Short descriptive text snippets

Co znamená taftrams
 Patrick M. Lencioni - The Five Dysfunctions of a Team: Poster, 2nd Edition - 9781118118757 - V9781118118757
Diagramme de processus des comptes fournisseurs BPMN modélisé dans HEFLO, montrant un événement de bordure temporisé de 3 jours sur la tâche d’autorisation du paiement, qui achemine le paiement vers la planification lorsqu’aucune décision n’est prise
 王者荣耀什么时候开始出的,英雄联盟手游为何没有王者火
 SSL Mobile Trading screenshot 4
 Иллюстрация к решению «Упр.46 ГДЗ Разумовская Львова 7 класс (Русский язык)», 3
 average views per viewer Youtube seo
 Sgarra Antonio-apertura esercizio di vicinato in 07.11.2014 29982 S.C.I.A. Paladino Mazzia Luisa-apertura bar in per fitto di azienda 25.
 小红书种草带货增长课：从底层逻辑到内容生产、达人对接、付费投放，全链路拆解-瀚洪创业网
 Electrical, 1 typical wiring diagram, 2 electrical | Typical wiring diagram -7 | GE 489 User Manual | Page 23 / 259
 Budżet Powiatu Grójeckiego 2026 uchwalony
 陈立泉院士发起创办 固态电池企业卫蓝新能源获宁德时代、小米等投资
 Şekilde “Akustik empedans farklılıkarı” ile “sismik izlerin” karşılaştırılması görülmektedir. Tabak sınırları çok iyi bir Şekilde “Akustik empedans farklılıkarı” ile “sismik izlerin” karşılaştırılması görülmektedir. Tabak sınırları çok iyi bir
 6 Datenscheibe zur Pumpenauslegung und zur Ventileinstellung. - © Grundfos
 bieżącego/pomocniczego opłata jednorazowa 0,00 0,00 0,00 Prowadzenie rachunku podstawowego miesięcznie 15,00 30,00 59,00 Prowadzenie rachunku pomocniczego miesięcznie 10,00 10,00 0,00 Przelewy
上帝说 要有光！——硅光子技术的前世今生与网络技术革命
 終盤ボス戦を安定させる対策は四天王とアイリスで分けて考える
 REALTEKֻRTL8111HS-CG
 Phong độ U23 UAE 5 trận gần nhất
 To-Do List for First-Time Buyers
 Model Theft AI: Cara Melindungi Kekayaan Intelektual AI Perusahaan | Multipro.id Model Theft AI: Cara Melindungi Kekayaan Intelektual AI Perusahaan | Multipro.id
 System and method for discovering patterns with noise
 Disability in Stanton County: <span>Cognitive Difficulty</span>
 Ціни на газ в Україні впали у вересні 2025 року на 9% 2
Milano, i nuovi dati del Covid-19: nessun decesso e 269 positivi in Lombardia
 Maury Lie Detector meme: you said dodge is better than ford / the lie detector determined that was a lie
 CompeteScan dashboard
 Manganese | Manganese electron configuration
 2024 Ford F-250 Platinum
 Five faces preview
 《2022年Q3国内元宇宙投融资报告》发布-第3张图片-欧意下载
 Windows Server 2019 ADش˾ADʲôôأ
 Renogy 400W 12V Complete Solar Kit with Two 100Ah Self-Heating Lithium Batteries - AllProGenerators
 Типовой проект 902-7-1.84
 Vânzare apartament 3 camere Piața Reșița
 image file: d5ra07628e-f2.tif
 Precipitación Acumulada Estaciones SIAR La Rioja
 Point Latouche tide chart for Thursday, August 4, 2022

*Assignment*. The response must consist of all the data, reproduced without alteration.

*Solution*.
Co znamená taftrams
 Patrick M. Lencioni - The Five Dysfunctions of a Team: Poster, 2nd Edition - 9781118118757 - V9781118118757
Diagramme de processus des comptes fournisseurs BPMN modélisé dans HEFLO, montrant un événement de bordure temporisé de 3 jours sur la tâche d’autorisation du paiement, qui achemine le paiement vers la planification lorsqu’aucune décision n’est prise
 王者荣耀什么时候开始出的,英雄联盟手游为何没有王者火
 SSL Mobile Trading screenshot 4
 Иллюстрация к решению «Упр.46 ГДЗ Разумовская Львова 7 класс (Русский язык)», 3
 average views per viewer Youtube seo
 Sgarra Antonio-apertura esercizio di vicinato in 07.11.2014 29982 S.C.I.A. Paladino Mazzia Luisa-apertura bar in per fitto di azienda 25.
 小红书种草带货增长课：从底层逻辑到内容生产、达人对接、付费投放，全链路拆解-瀚洪创业网
 Electrical, 1 typical wiring diagram, 2 electrical | Typical wiring diagram -7 | GE 489 User Manual | Page 23 / 259
 Budżet Powiatu Grójeckiego 2026 uchwalony
 陈立泉院士发起创办 固态电池企业卫蓝新能源获宁德时代、小米等投资
 Şekilde “Akustik empedans farklılıkarı” ile “sismik izlerin” karşılaştırılması görülmektedir. Tabak sınırları çok iyi bir Şekilde “Akustik empedans farklılıkarı” ile “sismik izlerin” karşılaştırılması görülmektedir. Tabak sınırları çok iyi bir
 6 Datenscheibe zur Pumpenauslegung und zur Ventileinstellung. - © Grundfos
 bieżącego/pomocniczego opłata jednorazowa 0,00 0,00 0,00 Prowadzenie rachunku podstawowego miesięcznie 15,00 30,00 59,00 Prowadzenie rachunku pomocniczego miesięcznie 10,00 10,00 0,00 Przelewy
上帝说 要有光！——硅光子技术的前世今生与网络技术革命
 終盤ボス戦を安定させる対策は四天王とアイリスで分けて考える
 REALTEKֻRTL8111HS-CG
 Phong độ U23 UAE 5 trận gần nhất
 To-Do List for First-Time Buyers
 Model Theft AI: Cara Melindungi Kekayaan Intelektual AI Perusahaan | Multipro.id Model Theft AI: Cara Melindungi Kekayaan Intelektual AI Perusahaan | Multipro.id
 System and method for discovering patterns with noise
 Disability in Stanton County: <span>Cognitive Difficulty</span>
 Ціни на газ в Україні впали у вересні 2025 року на 9% 2
Milano, i nuovi dati del Covid-19: nessun decesso e 269 positivi in Lombardia
 Maury Lie Detector meme: you said dodge is better than ford / the lie detector determined that was a lie
 CompeteScan dashboard
 Manganese | Manganese electron configuration
 2024 Ford F-250 Platinum
 Five faces preview
 《2022年Q3国内元宇宙投融资报告》发布-第3张图片-欧意下载
 Windows Server 2019 ADش˾ADʲôôأ
 Renogy 400W 12V Complete Solar Kit with Two 100Ah Self-Heating Lithium Batteries - AllProGenerators
 Типовой проект 902-7-1.84
 Vânzare apartament 3 camere Piața Reșița
 image file: d5ra07628e-f2.tif
 Precipitación Acumulada Estaciones SIAR La Rioja
 Point Latouche tide chart for Thursday, August 4, 2022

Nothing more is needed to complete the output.